We choose the orthonormal basis of \(E_1\) so that the \(E_1^+\) eigenfunctions come before the \(E_1^-\) eigenfunctions.

Definition 1

  1. (a)

    A function is said to be half-bandlimited if it is a linear combination of low frequency eigenfunctions and midfrequency eigenfunctions in \(E_1^+\). Specifically,

    $$\begin{aligned} f = \sum _{k=1}^{\# V_0} a_k u_k . \end{aligned}$$
    (2.8)
  2. (b)

    The half-sampling operator H f is defined to be

    $$\begin{aligned} H f(x) = {\left\{ \begin{array}{ll} f(x) &{} \,\,\text {for }x\in V_0 \\ 0 &{} \text { for }x\in V_1 \end{array}\right. }, \end{aligned}$$
    (2.9)

    so that \(H=\frac{1}{2} (I+T)\). Note that we could also have defined an operator \(\widetilde{H}\) from functions on V to functions on \(V_0\) by restriction. Clearly H and \(\widetilde{H}\) contain the same information.

  3. (c)

    We define the low-pass operator L by

    $$\begin{aligned} L\left( \sum _{k=1}^{\# V} a_k u_k\right) = \sum _{k=1}^{\# V_0} a_k u_k . \end{aligned}$$
    (2.10)

    Note that L is given explicitly as

    $$\begin{aligned} L f(x)&= \sum _{y\in V} \mathscr {L}(x,y) f(y) \mu (y) \quad \text {for}\end{aligned}$$
    (2.11)
    $$\begin{aligned} \mathscr {L}(x,y)&= \sum _{k=1}^{\# V_0} u_k(x) u_k(y) . \end{aligned}$$
    (2.12)

Theorem 1

A half-bandlimited function f is uniquely determined from its half-samples \(\widetilde{H} f\), and every function on \(V_0\) arises as \(\widetilde{H} f\) for some unique half-bandlimited function f. In other words, \(V_0\) is both a sampling set and an interpolation set for the space of half-bandlimited functions. Explicitly

$$\begin{aligned} f(x)&= \sum _{y\in V_0} K(x,y) H f(y) \mu (y) \quad \text {for} \end{aligned}$$
(2.13)
$$\begin{aligned} K(x,y)&= 2 \sum _{k=1}^M u_k(x) u_k(y) + \sum _{k=M+1}^{\# V_0} u_k(x) u_k(y) . \end{aligned}$$
(2.14)

Proof

Suppose \(f=u_k\) for \(1\leqslant k\leqslant \# V_0\). Then \(H u_k = \frac{1}{2} u_k + \frac{1}{2} T u_k\). If \(1\leqslant k\leqslant M\) so that \(u_k\) is low frequency then \(T u_k\) is high frequency so \(L T u_k=0\) and \(L u_k = u_k\). Thus \(L H u_k = \frac{1}{2} u_k\). On the other hand, if \(M+1\leqslant k\leqslant \# V_0\) so that \(u_k\) is mid-frequency in \(E_1^+\), then \(T u_k = u_k\) and \(L u_k=u_k\). Thus \(L H u_k = u_k\). Taking linear combinations we arrive at (2.13) and (2.14).

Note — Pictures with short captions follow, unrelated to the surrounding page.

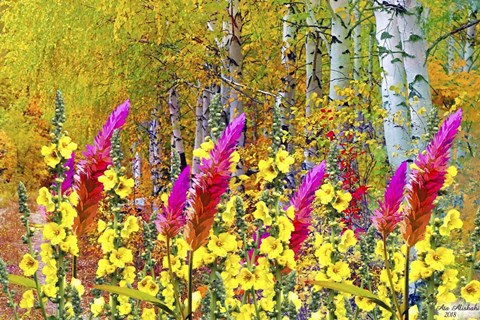 Framed My Garden 4 Print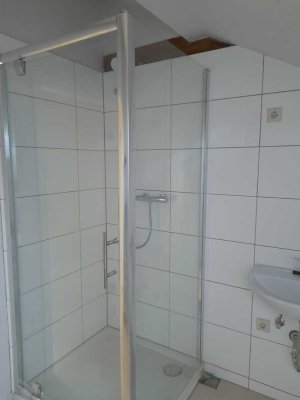 5-Zimmer-Dachgeschosswohnung  in Lambsheim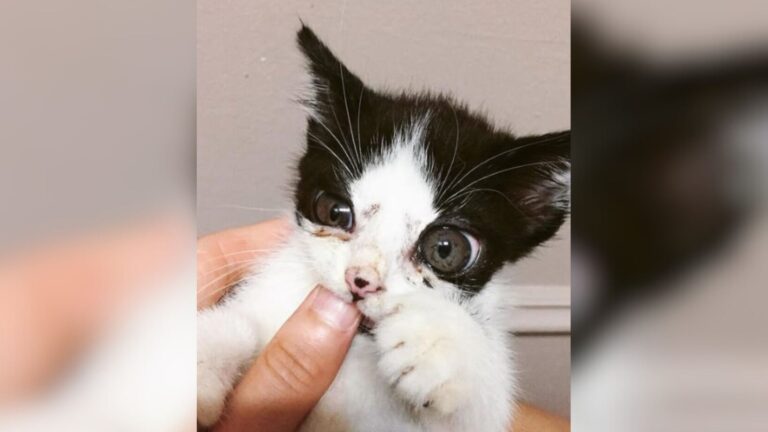 Chicago Woman Opens Strange Box Left On Her Porch And Finds ‘1.3 Pounds Of Eyeballs And Sass’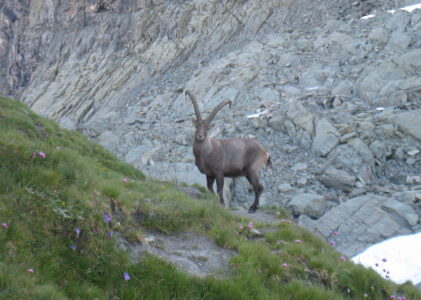Du refuge Vallanta à L’Echalp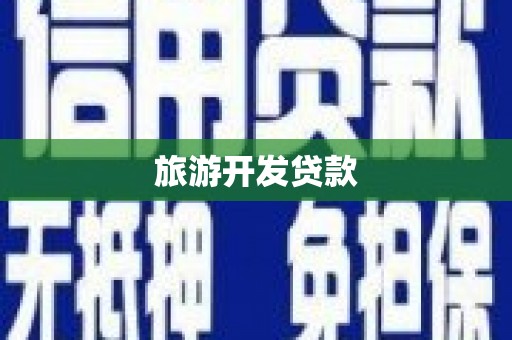 河东旅游开发贷款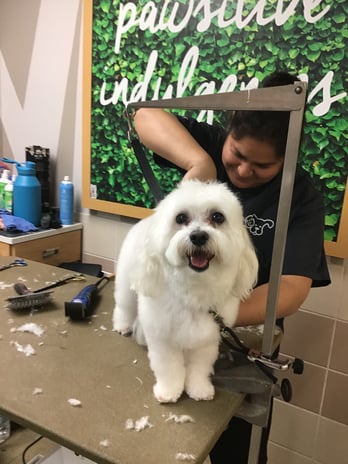 Images Petco Grooming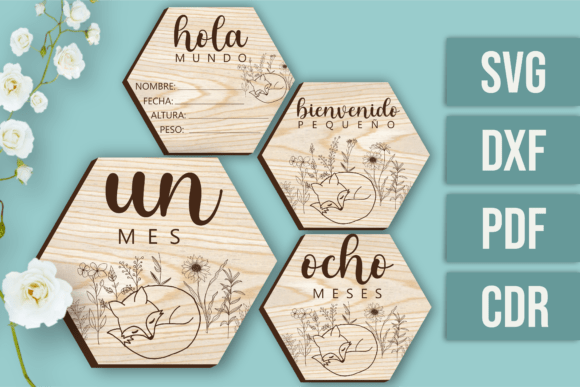 Hito Del Bebe Zorro Espanol Creativo Digital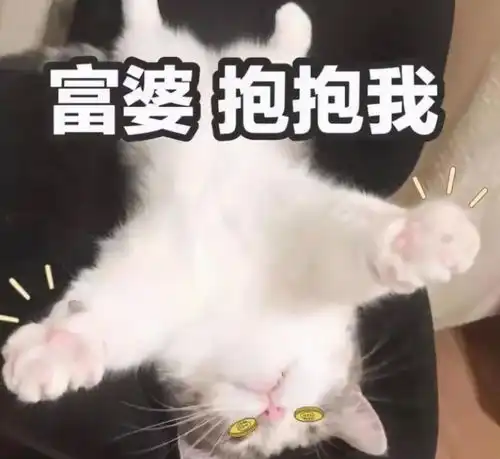 最常见的四种养猫人,多希望自己是最后一种
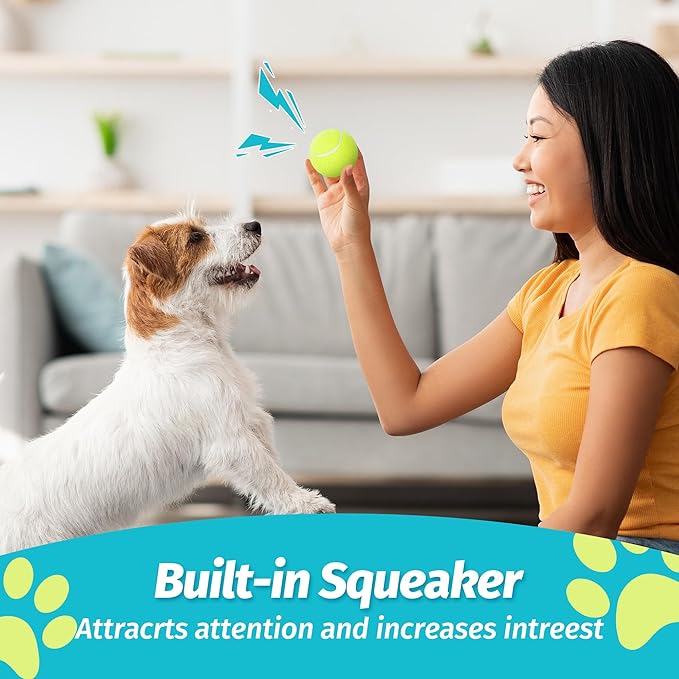 Prime Pets Squeaky Dog Tennis Balls 12 Pack, 2.5” Durable High-Bounce Tennis Balls for Dogs, Dog Ball for Fetch & Training, Outdoor Interactive Dog Toy Ball for Small and Medium Dogs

Conversely, if g is any function on \(V_0\), extend g to \(\widetilde{g}\) on V in any way. Then \(\widetilde{g}\) is a linear combination of all the eigenfunctions. But the eigenfunctions in \(E_1^-\) vanish on \(V_0\) and the high frequency eigenfunctions \(u_{N-j+1} = T u_j\) are equal to the low frequency eigenfunctions \(u_j\) when restricted to \(V_0\). So g is equal to a half-bandlimited function restricted to \(V_0\). \(\square \)

Remark 1

We could reverse the roles of the even and odd vertices, and consider half-sampling on the odd vertices. We would then obtain the same sort of results, but we would have to replace \(E_1^+\) by \(E_1^-\) in the definition of half-bandlimited. Only in graphs where \(E_1\) is empty would we have a single class of bandlimited functions that would allow half-sampling on either even or odd vertices.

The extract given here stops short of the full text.